(MATERIAL FOR THE TASK)

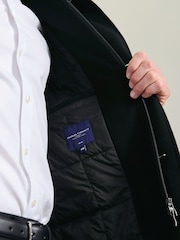 Charles Tyrwhitt Black Pure Wool Funnel Neck Overcoat - Image 4 of 6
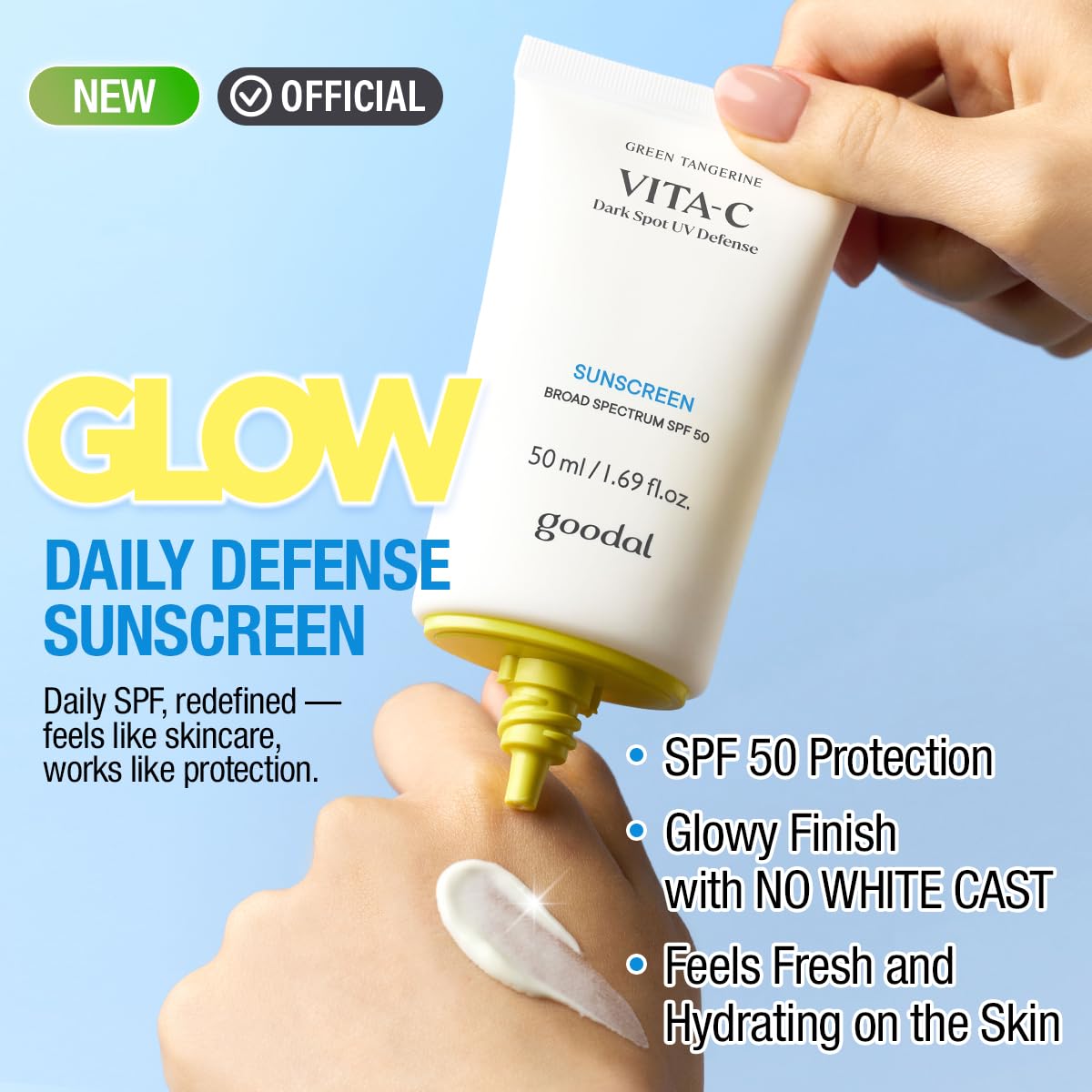 Goodal Green Tangerine Vita-C Dark Spot UV Defense Sunscreen SPF 50, Daily Skin Care Korean Sunscreen for Face, Broad spectrum, No White Cast (1.69 fl oz / 50ml)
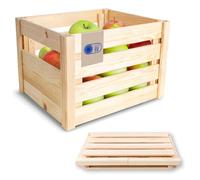 Creative Deco Caisse Pliante en Bois 34,5 x 29,5 x 23,5 cm Ajouré | Montage Simple et Sans Outil | Boîte de Conservation pour Fruits et Légumes | Rangement pour Cadeau, Jouets | Boite Décorative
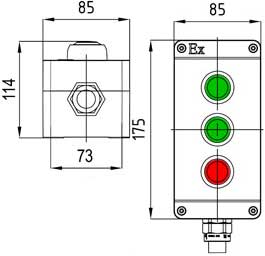 Рис.1. Схематическое изображение готовых стандартных постов управления и индикации ПКИЕ-П43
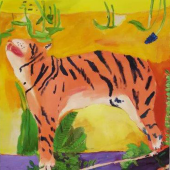 Livia Drusilla Wytzander, "Tiger", 2021, 50 x 40 cm, Öl auf Leinen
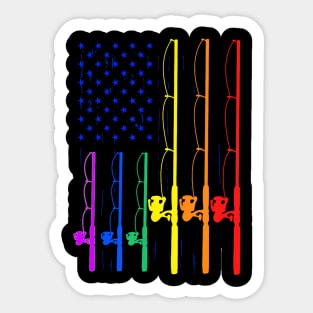 LGBT Pride Spinning Rod Fishing Pole USA Flag Sticker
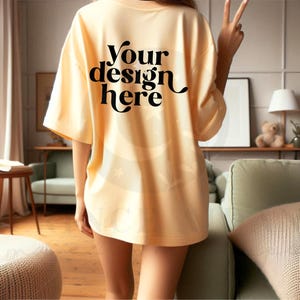 Banana Comfort Colors C1717 Mockup, Comfort Colors Banana Yellow Tshirt Back Mockup Lifestyle Aesthetic Trendy Mockup Oversized Shirt Mockup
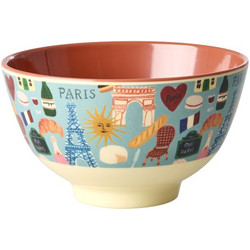 Rice Μπολ Φαγητού Paris Mon Amour Print Burnt Orange 300ml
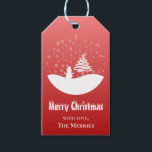 White Christmas Winter Wonderland Snowman Tree Geschenkanhänger<br><div class="desc">Frohe Weihnachten!</div>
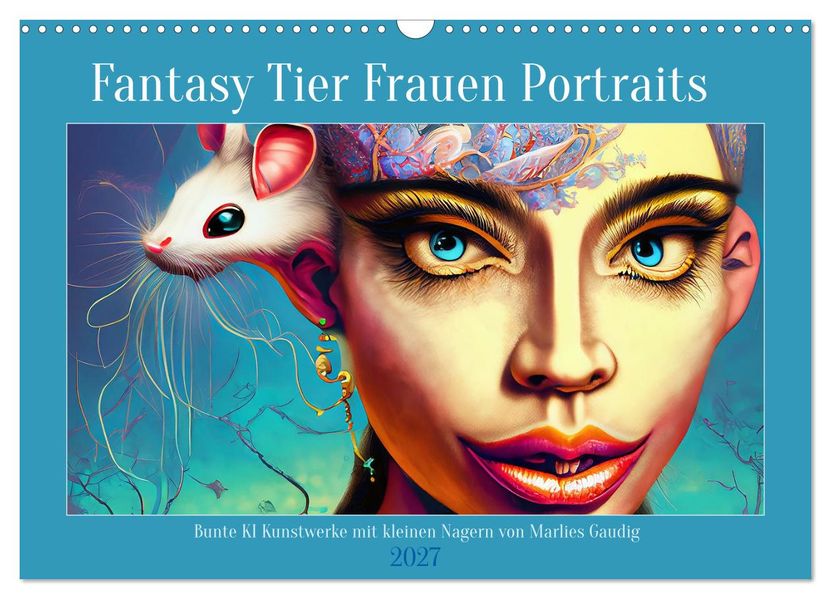 Fantasy Tier Frauen Portraits (Wandkalender 2027 DIN A3 quer) CALVENDO Monatskalender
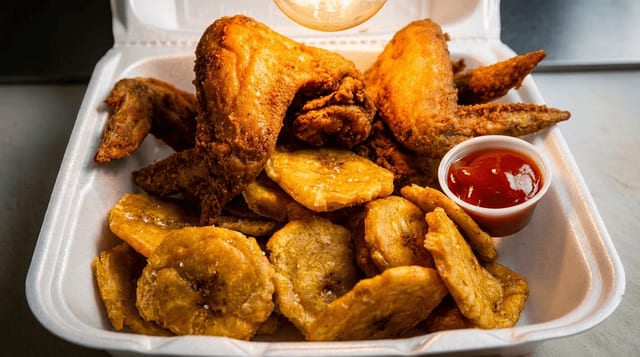 Chicken Wings (4 pcs) with Fried Plantains.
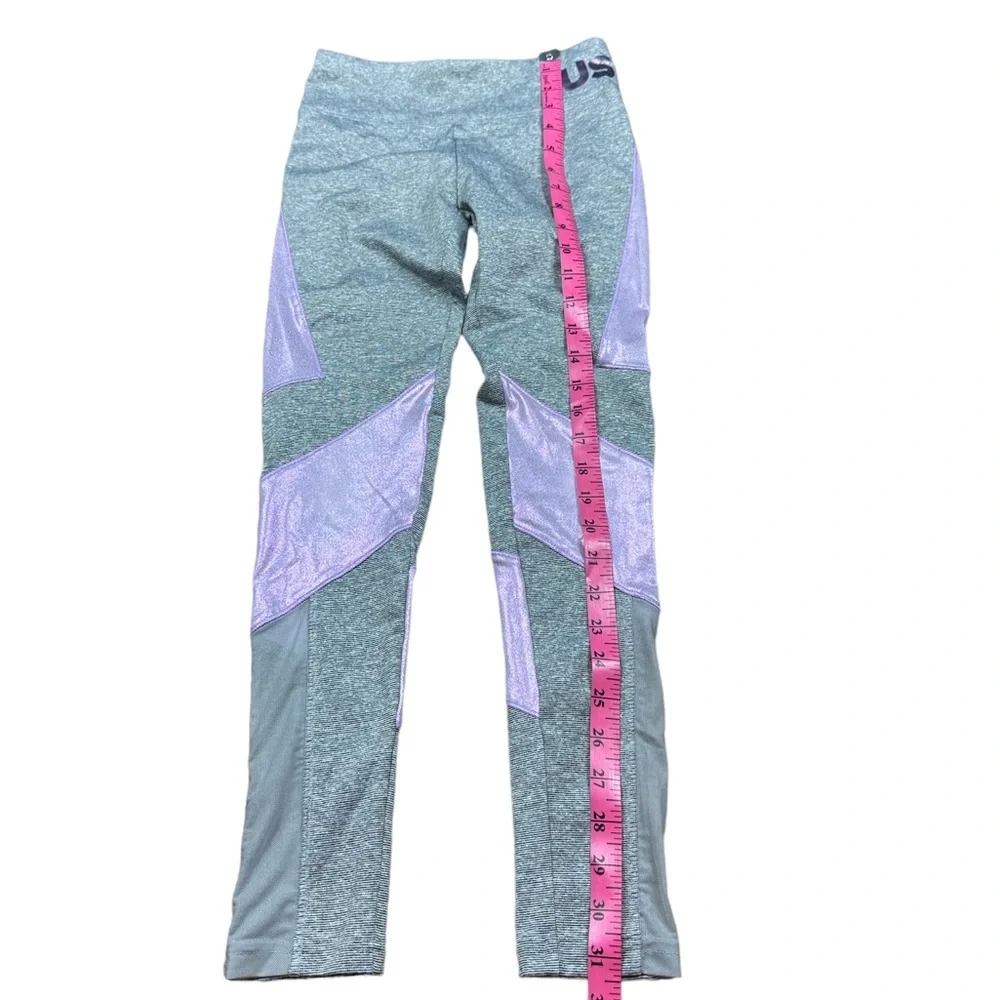 JUSTICE: Girl’s Gray & Metallic Purple Athletic Leggings -Size 12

(PROBLEM TO SOLVE) Retype all entries above verbatim; no pictures belong in the copy.

(WRITTEN SOLUTION)
 Charles Tyrwhitt Black Pure Wool Funnel Neck Overcoat - Image 4 of 6
 Goodal Green Tangerine Vita-C Dark Spot UV Defense Sunscreen SPF 50, Daily Skin Care Korean Sunscreen for Face, Broad spectrum, No White Cast (1.69 fl oz / 50ml)
 Creative Deco Caisse Pliante en Bois 34,5 x 29,5 x 23,5 cm Ajouré | Montage Simple et Sans Outil | Boîte de Conservation pour Fruits et Légumes | Rangement pour Cadeau, Jouets | Boite Décorative
 Рис.1. Схематическое изображение готовых стандартных постов управления и индикации ПКИЕ-П43
 Livia Drusilla Wytzander, "Tiger", 2021, 50 x 40 cm, Öl auf Leinen
 LGBT Pride Spinning Rod Fishing Pole USA Flag Sticker
 Banana Comfort Colors C1717 Mockup, Comfort Colors Banana Yellow Tshirt Back Mockup Lifestyle Aesthetic Trendy Mockup Oversized Shirt Mockup
 Rice Μπολ Φαγητού Paris Mon Amour Print Burnt Orange 300ml
 White Christmas Winter Wonderland Snowman Tree Geschenkanhänger<br><div class="desc">Frohe Weihnachten!</div>
 Fantasy Tier Frauen Portraits (Wandkalender 2027 DIN A3 quer) CALVENDO Monatskalender
 Chicken Wings (4 pcs) with Fried Plantains.
 JUSTICE: Girl’s Gray & Metallic Purple Athletic Leggings -Size 12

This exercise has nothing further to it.